Tuesday, 30 October 2012

NEIL YOUNG - A WEIRD OLD BUGGER


Neil Young is a weird old bugger.  I recently read, and reviewed, his massively peculiar autobiography in these very pages, and so I decided the other morning that I should really give his new album a listen to.  I liked the previous one Le Noise very much indeed.  In it, he utilised the production skills of Daniel Lanois  who made a glossy and very sophisticated job of what was basically a solo feedback guitar album.  If you can imagine the Pet Shop Boys covering metal machine music then it might give you some idea of what the album sounds like.  So I was awaiting the new record, Americana, with great interest.

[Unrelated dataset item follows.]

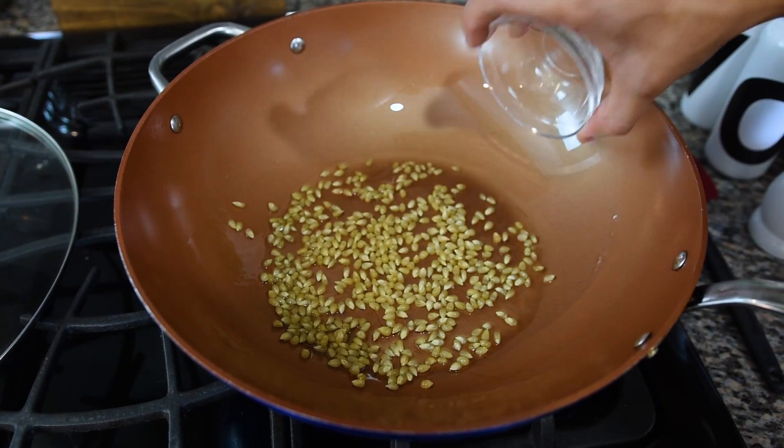So before we can make our caramel for the candy corn, we need to actually pop our popcorn first. So in a big pot — I'm using a wok — I have about two tablespoons of vegetable oil over medium-high heat. I'm going to add a quarter cup of unpopped corn kernels. Once our corn is in, we're going to pop the lid on this and we're just going to shake our pan around until all our popcorn is popped and then we're going to take this off the heat.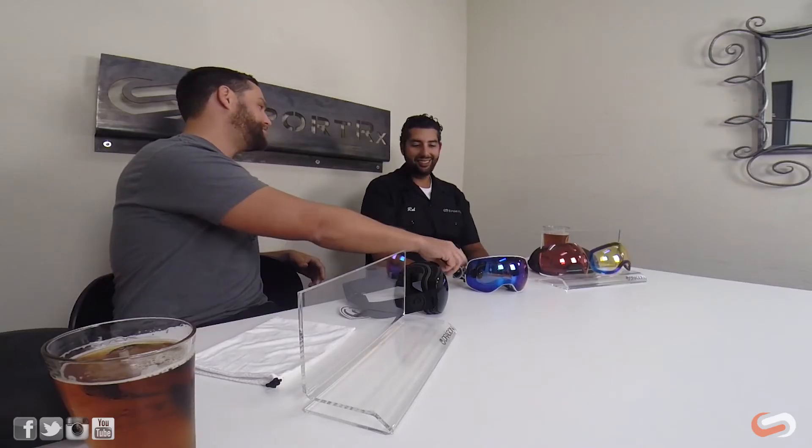Dragon has team riders like Jamie Lynn, for example. Jamie Lynn has crashed probably a few times, so durability matters. There's a signature model here — he was one of the team riders who helped develop the line, and this is his signature model, which comes with the SwiftLock lens technology.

Neil Young has always ploughed a shockingly idiosyncratic path, and it is a well-known matter of public record that back in the 1980s David Geffen who had signed our Neil to Geffen Records hoping for a whole string of 1980s versions of After the Goldrush and Harvest, sued our Neil for producing “deliberately” wayward records that had no relevance to the main body of his career.  That was a very stupid thing to do, because although one can sympathise with David Geffen (during the period under question Neil presented him with a rockabilly album, a country and western album and various bits of electronica) but this has always been the case with Neil Young.  There is no such thing as an “average” Neil Young album!  As well as the aforementioned waxings of which David Geffen disapproved so much, he has produced blues records, soul records, folk records, country records, heavy metal records, and strange electronic soundscapes heavily influenced by the sounds his son Zak (who has cerebral palsy) made while trying to communicate using early electronic vocoders.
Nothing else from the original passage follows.